There’s something quite whimsical about life on the canals. You and your boat are a part of the setting and scenery of the canal, but you’re an impermanent part all the same.

A sense of permanence is something I seem to have a distinct inability to achieve, and I think that does come from growing up moving a lot and never quite belonging within the culture of the city or country I was in. That underlying discomfort, almost like an itch you can’t scratch, has chased me since I moved back to the UK to make it my home as an adult. This everlasting feeling that I don’t belong here.

And it’s true!

I don’t.

It’s aggravated by the sense that as a quiet, extremely reserved person, I struggle to make new friends and my existing ones are spread far and wide across the planet.

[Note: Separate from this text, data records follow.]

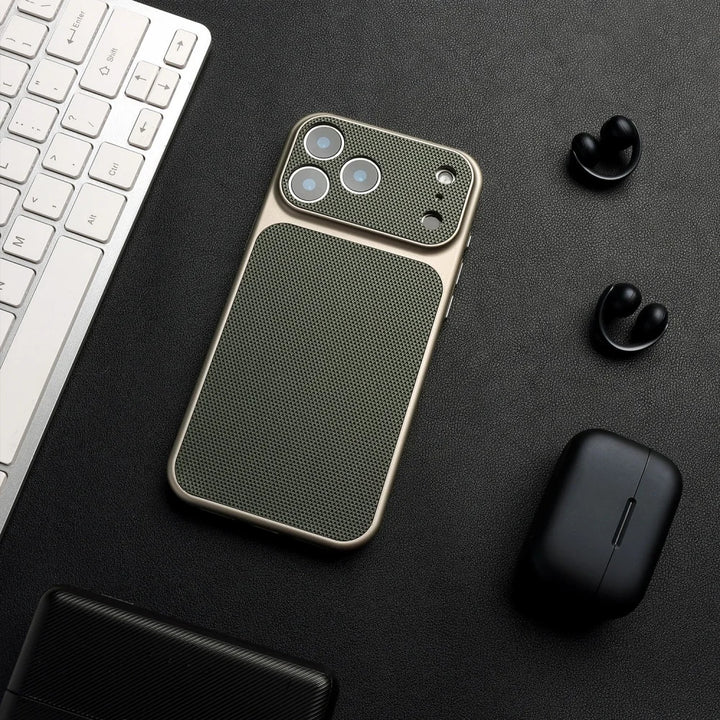 Milan Tactile Grip iPhone Case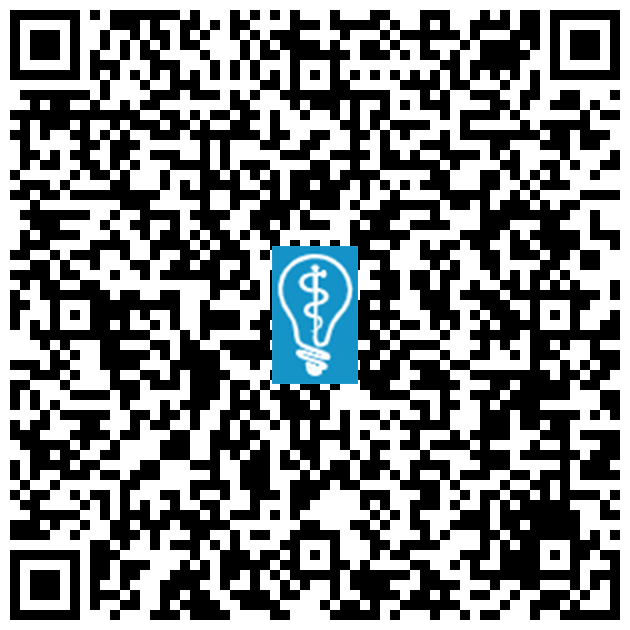 QR code image for Laser Dentistry in Tarzana, CA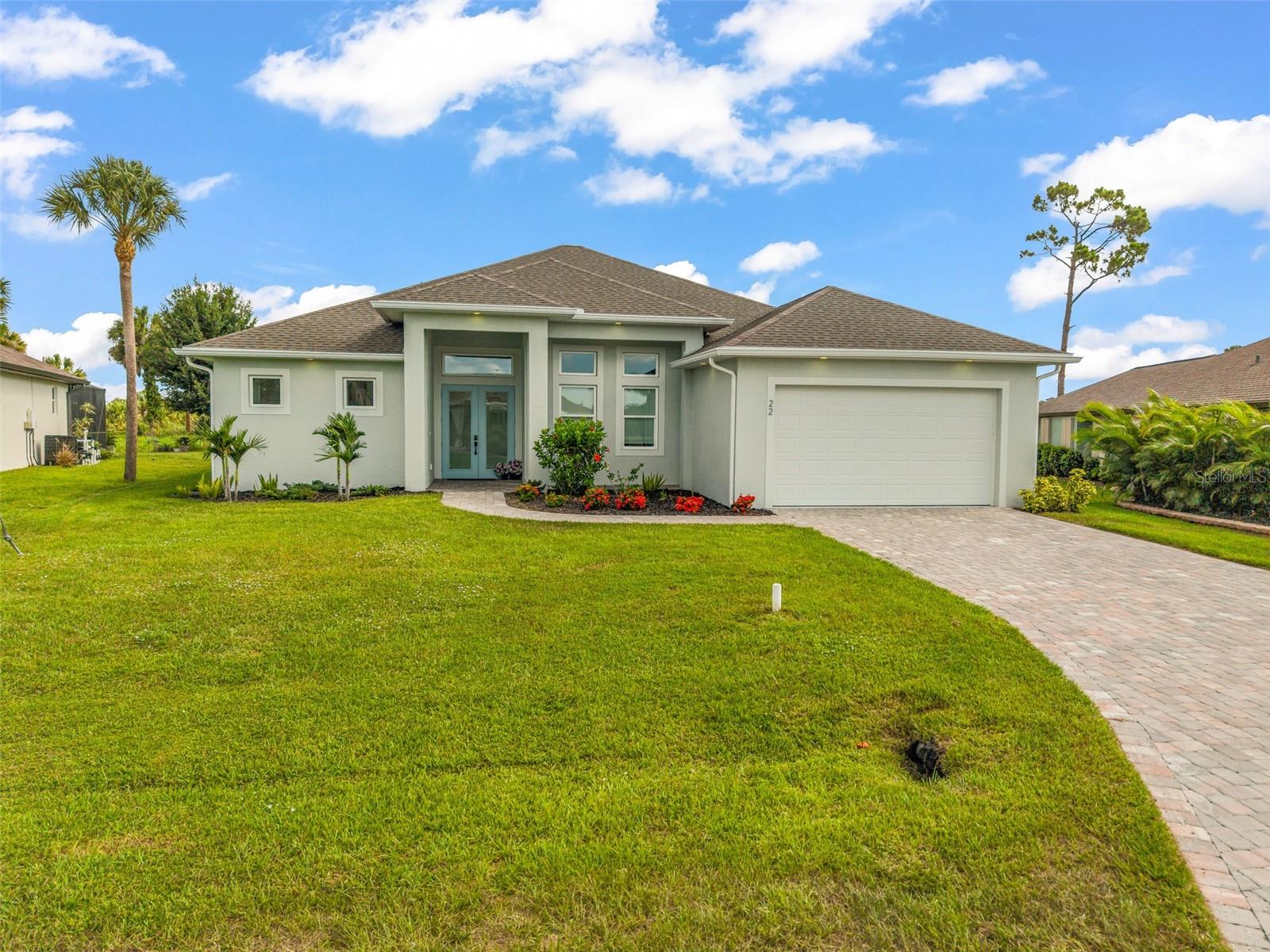 Photo of 22 SPORTSMAN CIRCLE ROTONDA WEST FL 33947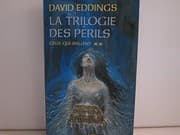Tapa de La trilogie des périls. 2. Ceux-qui-brillent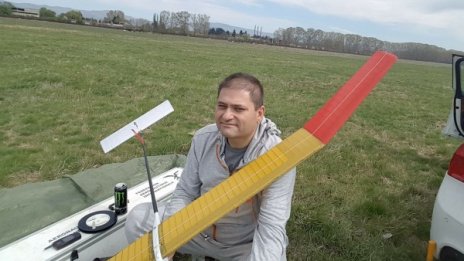 Клането в "Хиподрума": Убитият &ndash; шампион по авиомоделизъм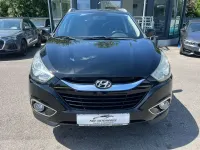 Gebraucht Hyundai ix35 135 PS (99 kW) 2012 SUV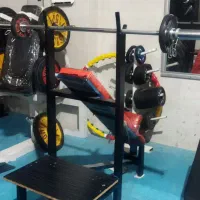 لوازم ورزشی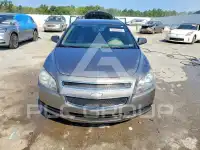 2012 Chevrolet Malibu фото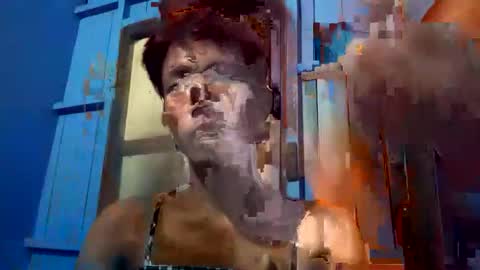 Rica online show from November 15, 2025, 12:02 pm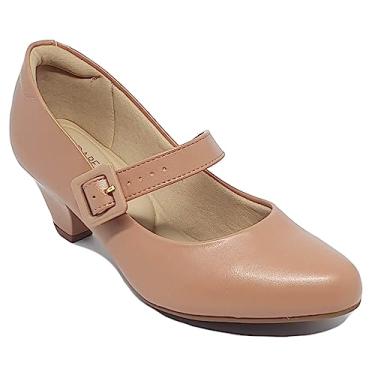 Imagem de Sapato Modare R.7005-668 (38, Bege)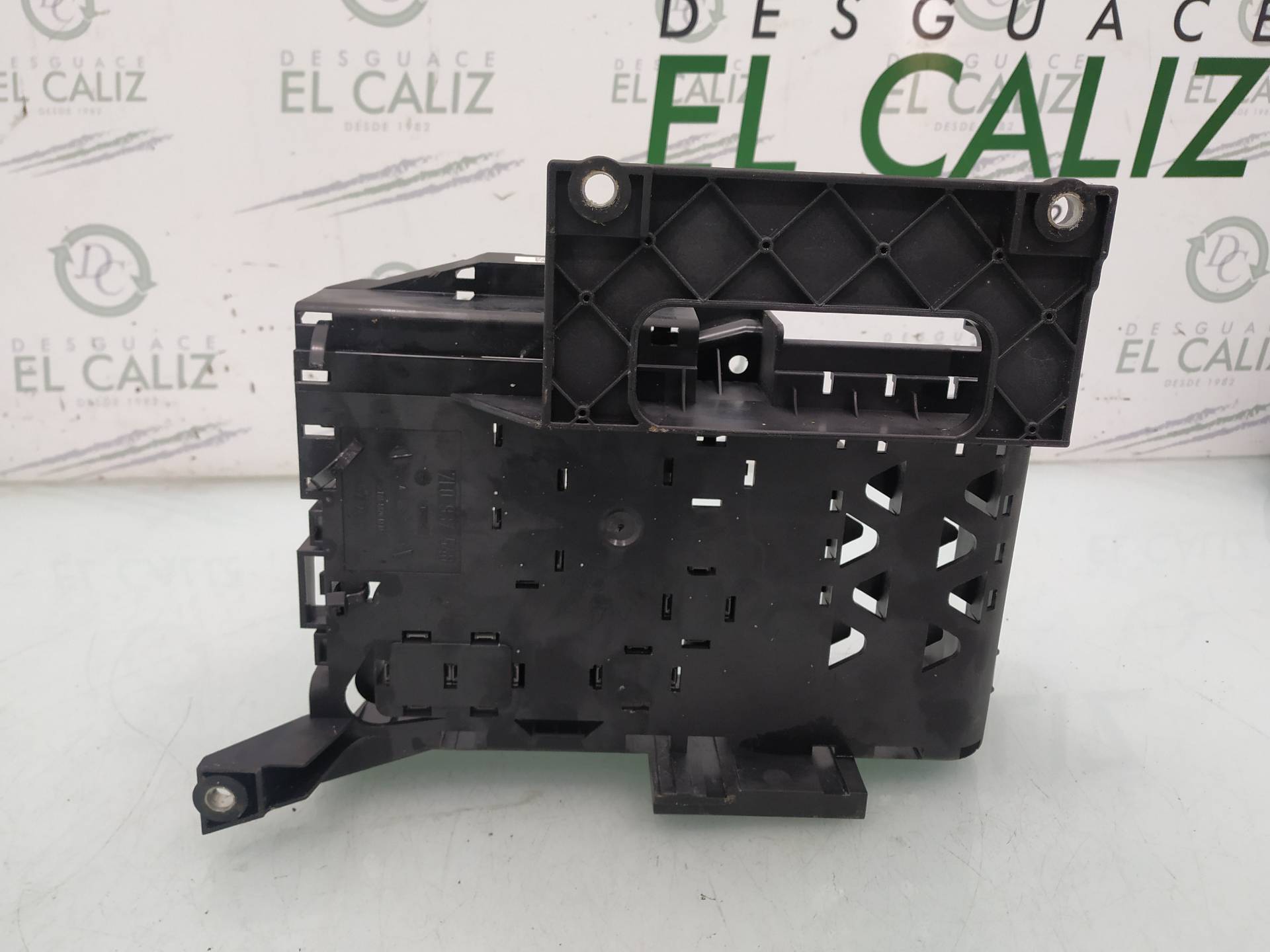 PORSCHE Cayenne 955 (2002-2010) Boîte à fusibles 7L0937548 18958807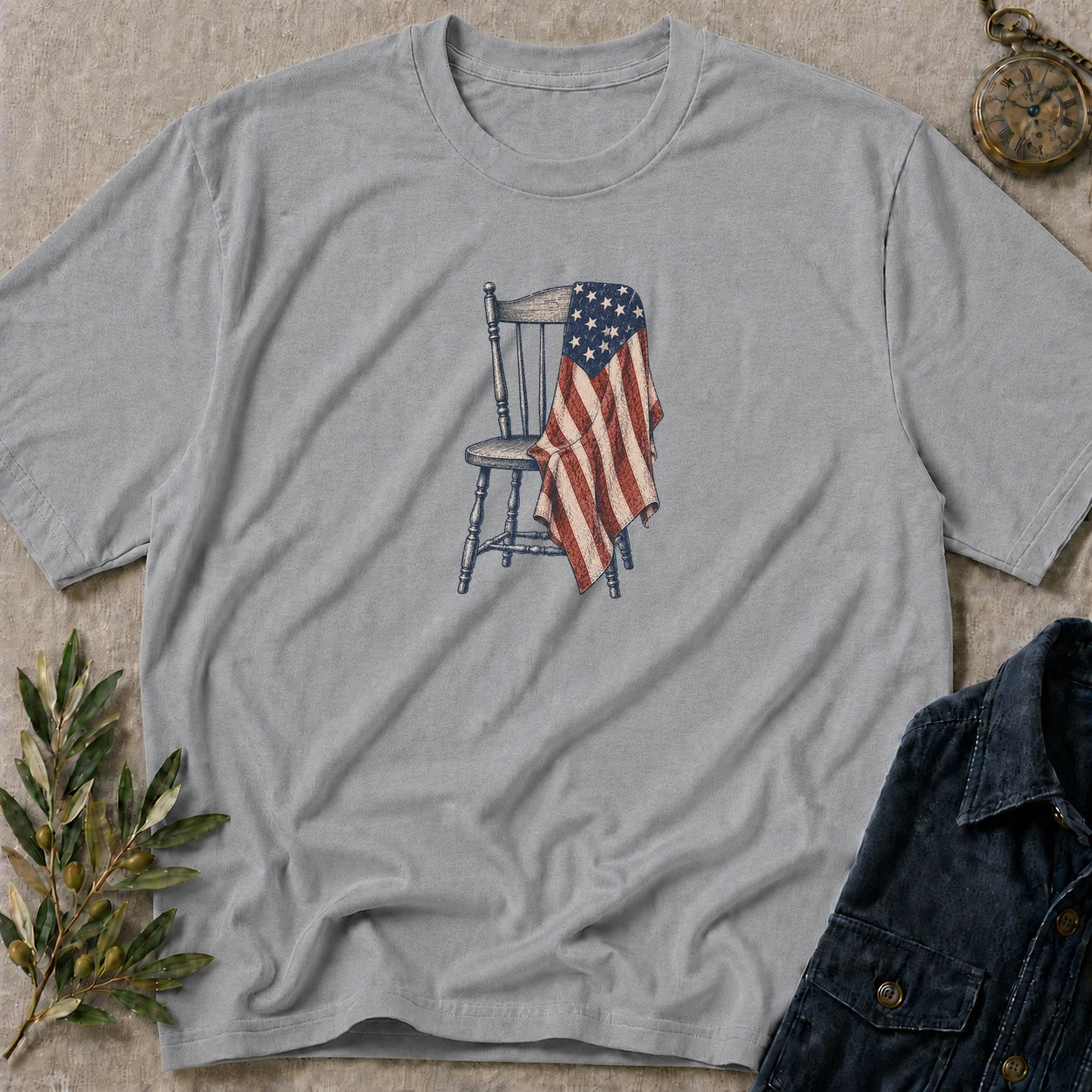 Sport Grey
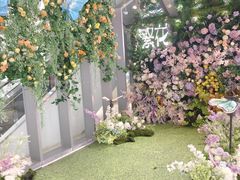 -小杨生煎(金山百联购物中心3楼店)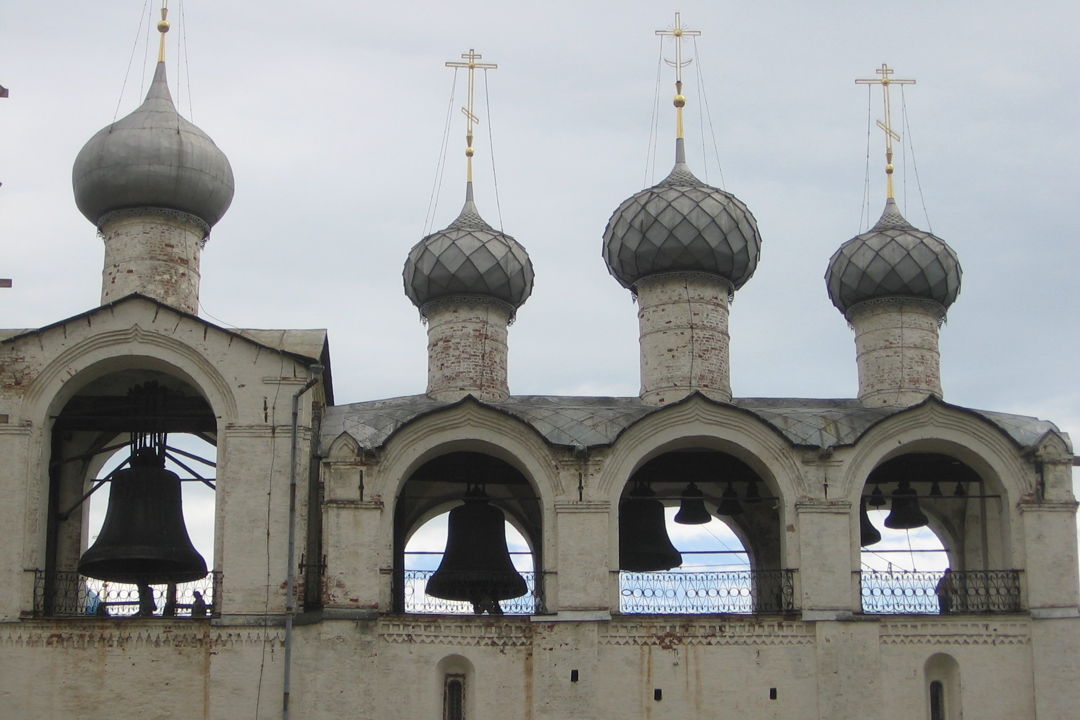 По следам Ивана Васильевича: экскурсия в Ростов Великий — фото 5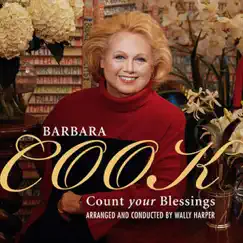 Count Your Blessings by Barbara Cook album reviews, ratings, credits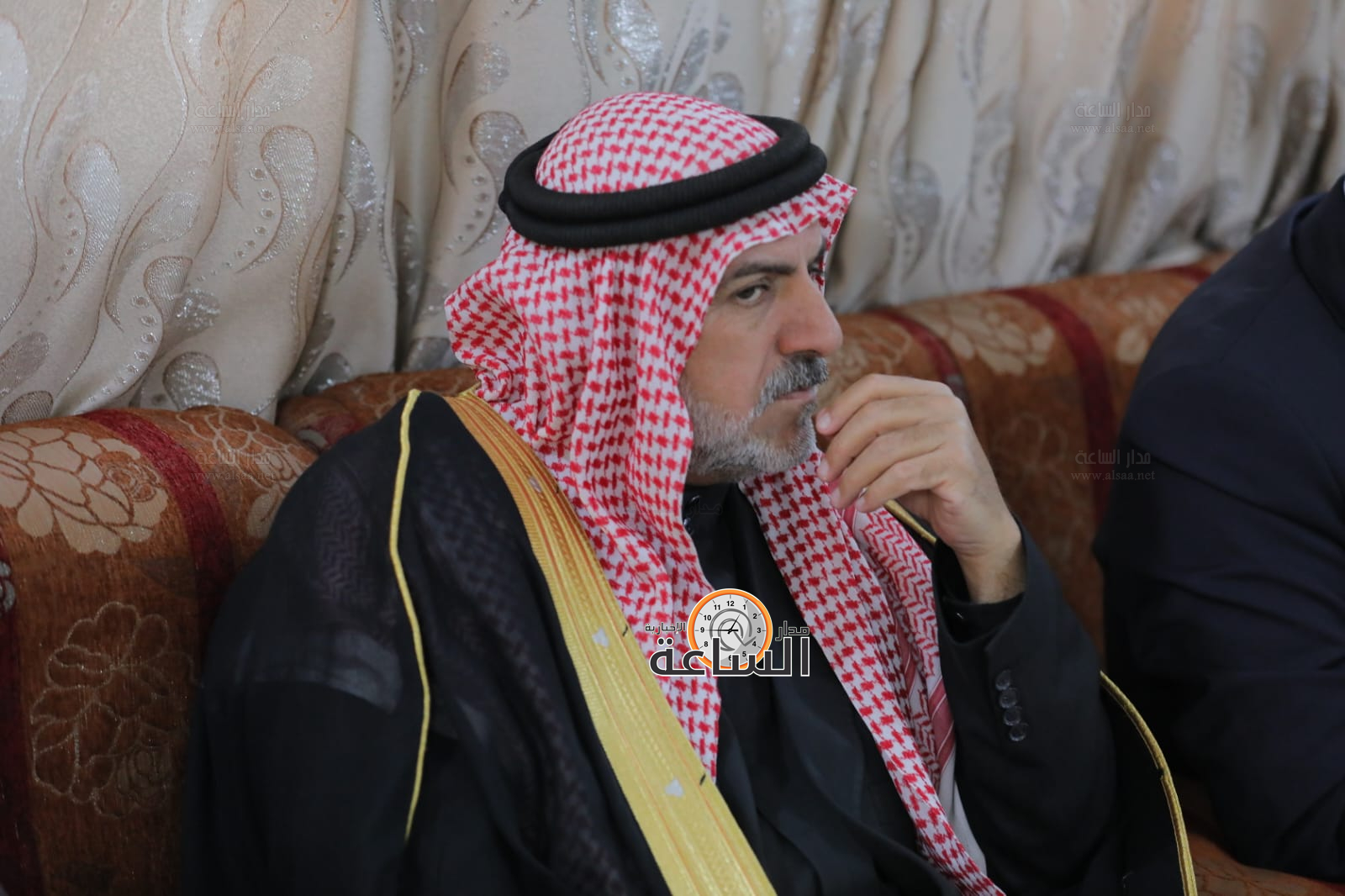 Madar Al-Saa Images 0.48765561432329285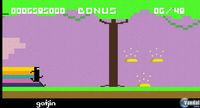 Imagen 5 de Bit.Trip Runner WiiW para Wii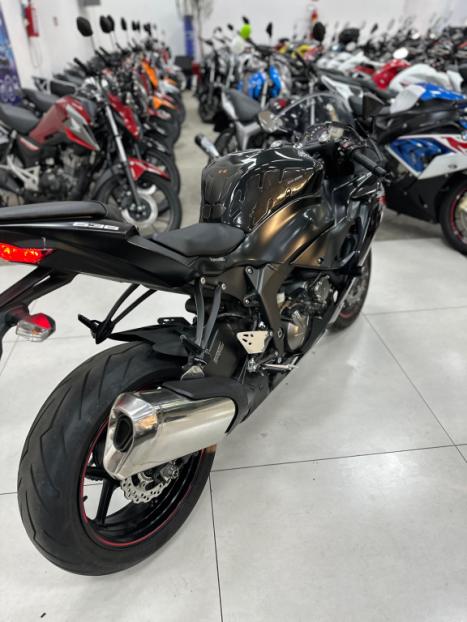 KAWASAKI ZX 6 R 600, Foto 14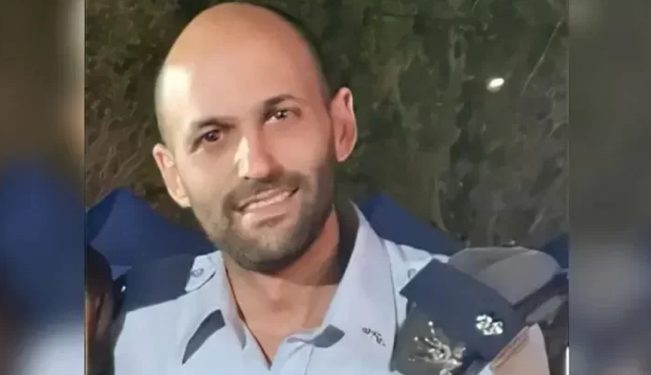 Likvidiran u Gazi najpoznatiji cionistički komandos- Yitzharu Hofman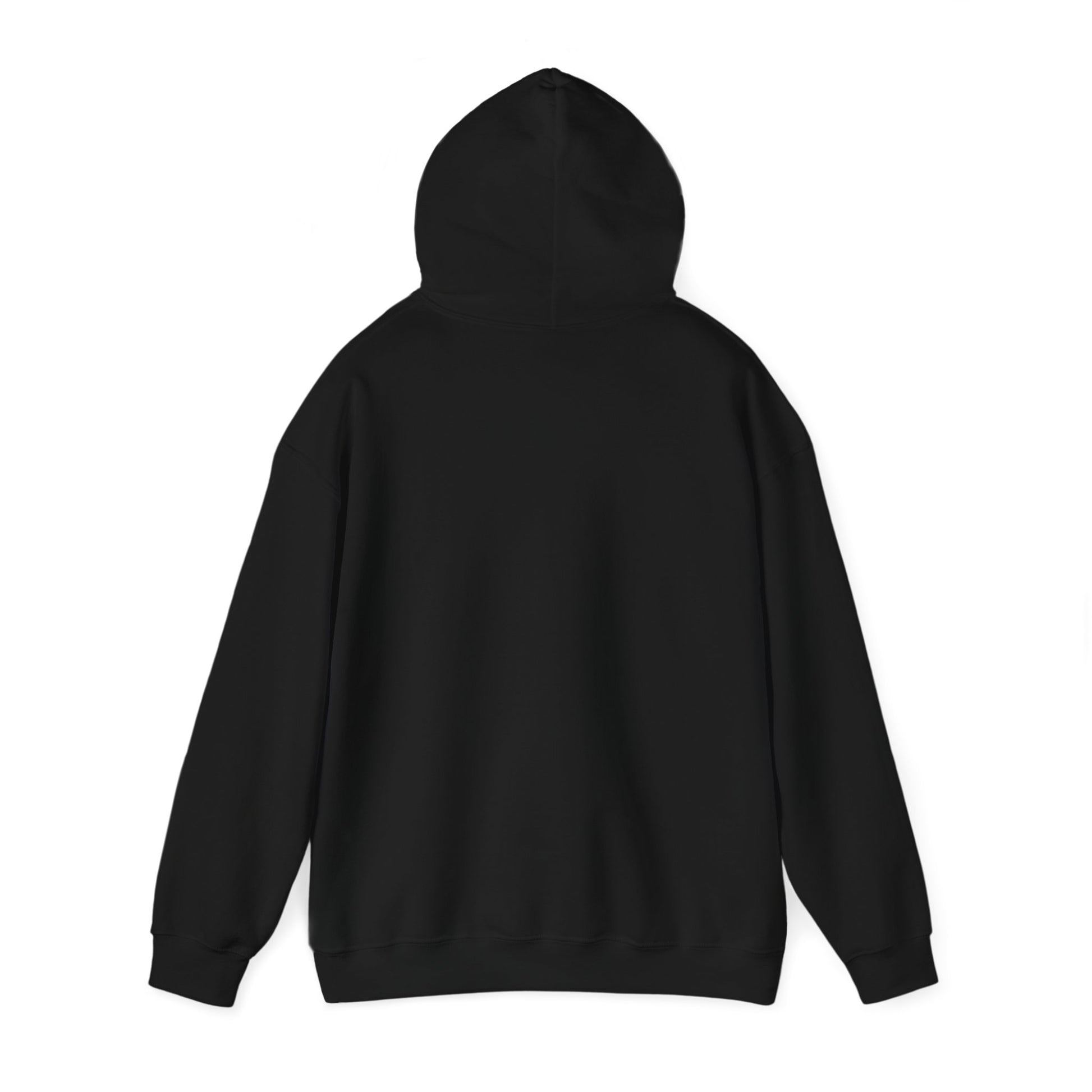 The Melanindex Hoodie - The Melanindex 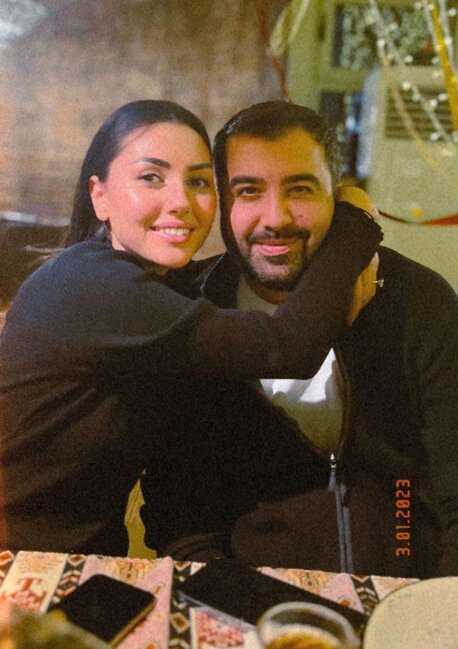 Safura həyat yoldaşı ilə Qubada tətildə - FOTO-VİDEO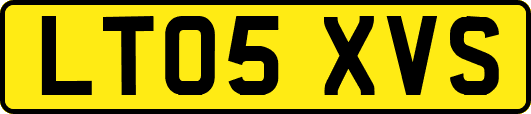 LT05XVS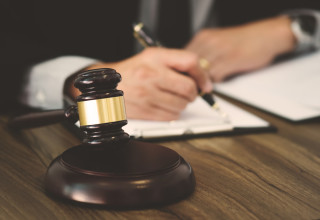 בית משפט (צילום: אינג'אימג')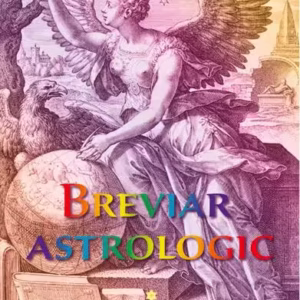 Breviar astrologic - Paperback brosat - Lambodar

It’s lonely, and often it’s made me wish I had a different, more outgoing and immediately likeable personality. One that wouldn’t be misinterpreted quite so much. It’s an uncomfortable and all too common human trait to not want to be yourself sometimes.

 

However, the beauty of the boat is I don’t have to have my roots and my friends in any one place to be home. Home is wherever the boat, Chris and I are. Further to this has come the realisation that when it comes to ‘belonging’, we now belong to the community of boaters who come from all walks of life with their own quirks, differences and stories. It’s a fiercely proud community and one so often misinterpreted externally. Yet, it’s in this community that I’ve seen the most incredible acts of kindness and awareness that seem so hard to come by elsewhere.

I might not belong to a place, but I certainly belong to this and that’s all I need.

(Even if it is a community with a penchant for toilet chat.)